Before you start posting or spread yourself too thin showing up everywhere online, you need a clear strategy and objectives to focus your efforts in the right places. Without knowing your strategy (which requires first defining your audience), you can’t determine the marketing tactics that’ll give you the best ROI.
I recommend creating a 1-page marketing plan for clarity on your high-level marketing decisions, as well as a 90-day action plan breaking down your objectives and actions so you know what to do when.
How to create a 1-page marketing plan
Here’s a quick and easy guide to creating your own 1-page marketing plan, so you can make marketing decisions with confidence.
Step 1 – Define your audience
Start by defining your audience — who are they, what do they want, and why will they care about what you have to say?
Your audience profile will impact your strategy. Here, you’ll want to think about:
- Your audience’s demographics
- Their personal characteristics and quirks
- Their motivations and interests
- Their communication and information preferences
- Their challenges and pain points
This will help you decide on the right tone of communication based on your audience’s communication preferences, motivations and interests.
Step 2 – Set a clear SMART objective for your marketing plan
Next, set a clear objective for your wealth advisor marketing plan. What is the end-state you are hoping to achieve?
This goal could be to grow your leads (client attraction), grow your conversions (client acquisition), milestone goals like visibility or engagement. Whatever best aligns with your business goals.
What matters most is that your chosen goal is underpinned by objectives that are SMART. That is, Specific, Measurable, Achievable, Relevant, and Time-Bound.
Step 3 – Develop your strategy
Although people often confuse a strategy with a plan, a strategy is actually quite different. Your strategy is a high level mental shortcut or an approach with some quick directions to follow for making aligned, strategic decisions. It’s a framework to think about how you will accomplish your goals and objectives.

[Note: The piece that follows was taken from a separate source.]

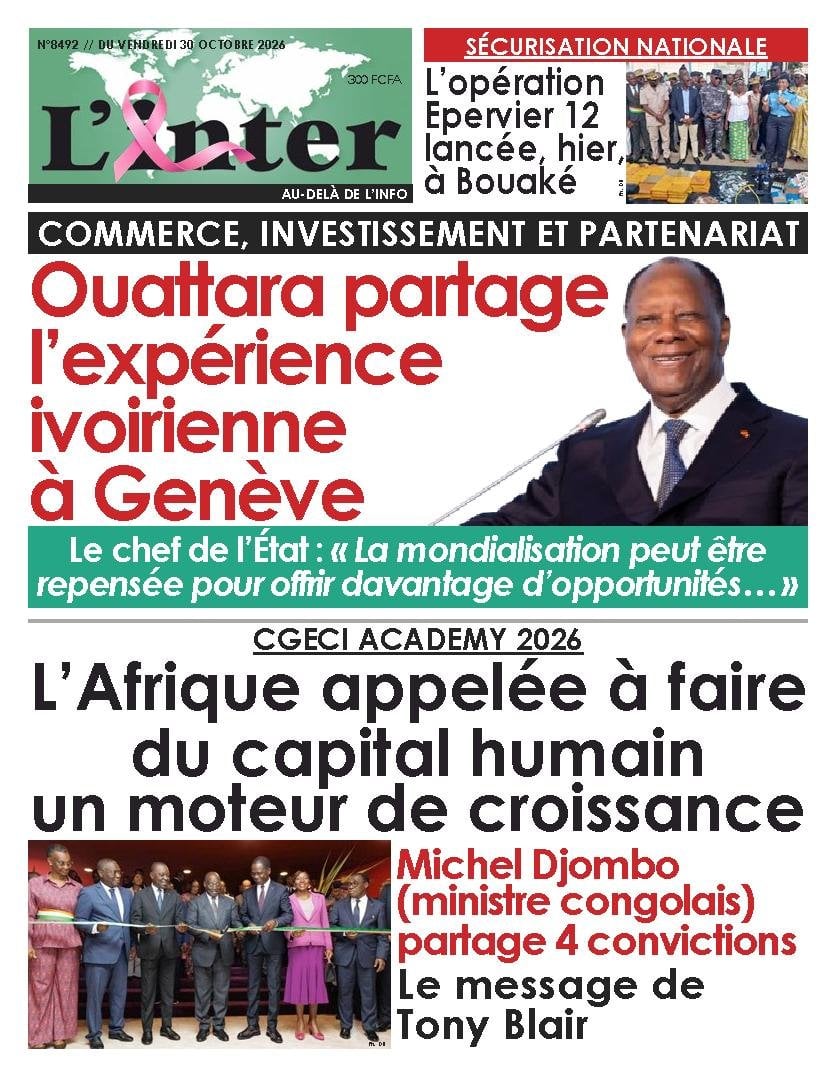 Une de L'Inter du 30 octobre 2026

This will be your mental shortcut for making decisions under uncertainty.
In my work with financial advisors, I typically help them pinpoint three key instructions (backed by research into their audience) to anchor their marketing decision-making throughout a 90-day action plan and 6-12 month strategy.
Step 4 – Create your key message
Now it’s time to craft a compelling key message. Ask yourself: What is the one thing you want your ideal client to know? This is how I decide what the key message is.
There’s often a temptation to prove your expertise, flood your prospect with all your knowledge at once, and say as much as possible. But it’s better to stay super focused on one key message.
Resist the temptation to overwhelm your prospects. You’ve got 5 seconds to make an impact. Let them come back to you for more.
Step 5 – Identify your tactics
Finally, identify the tactics you’ll use to deliver this message effectively.
When deciding on tactical recommendations for my clients, I consider three things:
- Where does the audience live online? Where do they show up?
- What’s going to make the most impact?
- Is this realistic and achievable? Is it something my client can realistically stick with or outsource? How can they make it happen (outsourcing or in-house?)
Chapter 2: Crafting an effective customer experience strategy – From prospecting to client conversion
An effective strategy goes beyond selling a product or service. It’s about curating the entire customer experience.
Here are two easy steps to take your audience members from uncertain prospects to confident clients.
Step 1: Analyze your audience’s stage of awareness
Deciding to work with a financial advisor is a journey. And on that journey, different members of your audience can be unaware, problem aware, solution aware, product aware, or most aware.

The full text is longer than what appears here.